Christopher Nolan rebuilt Los Alamos ‘in secret’ for ‘Oppenheimer’

ABIQUIU  -  An entire town filled with nuclear labo­ratories, built from scratch in the remote mountains of New Mexico, with every single person involved sworn to secrecy? It is not just the plot of “Oppenheimer,” but also the story of how Christopher Nolan’s Oscar-nominated movie about the invention of the atomic bomb was made. “This is the most I’ve ever spoken about it,” said David Manzanares, field producer for Ghost Ranch, as he took AFP on a recent tour of the location for the movie’s Los Alamos scenes. “It definitely took on the air of secrecy,” he recalled.

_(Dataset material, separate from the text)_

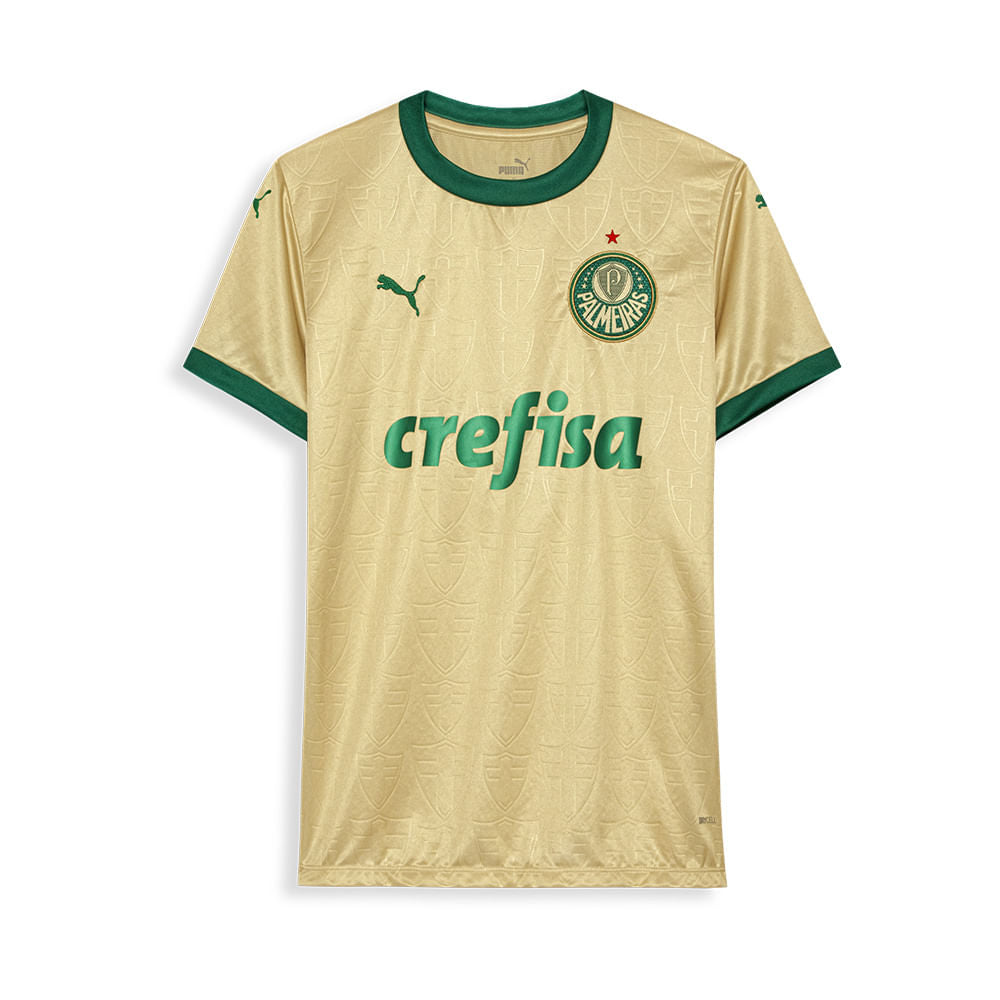 Camisa Palmeiras Puma III 24/25 Torcedor - Infantil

A few miles from the nearest paved road, through gates marked “RESTRICTED AREA,” many of the wooden homes, of­fices, security checkpoints and even a chapel built for the film remain stand­ing. The buildings line a dusty street that is bookended by stunning purple-hued mountains. The real Los Alamos, an hour’s drive away -- is now a mod­ern town that remains home to a giant, top-secret government lab charged with safeguarding the US nuclear stockpile. Its historic buildings were used for sev­eral interior scenes. But Nolan selected this far corner of the southwestern US state to double as the town for exterior scenes, constructing a 1940s-era replica of its main street. The British filmmak­er famously insists on using authentic, practical sets to inspire his actors. The movie’s atomic bomb test was shot with minimal computer effects, and real Los Alamos scientists were hired as extras. This meant the replica of the town had to be built at full-scale, offering Nolan the possibility of filming from every angle at a moment’s notice. But until a month after the film premiered last July, Man­zanares and his Ghost Ranch team were not even allowed to acknowledge that the movie had been shot there. “There was no conversation, there was no post­ing” allowed, he said. “That’s just the way business is conducted on a Christopher Nolan shoot.” In mid-October 2021, Man­zanares was contacted by a friend who works as a location manager for movies, asking if he knew of any pristine sites with wide, sweeping vistas. The friend could not say what the project was, but shared that it was set in 1940s New Mex­ico -- enough for Manzanares to hazard a guess, given the buzz already surround­ing Nolan’s next big film. Ghost Ranch fit the bill, and the following month, Nolan himself came to check it out.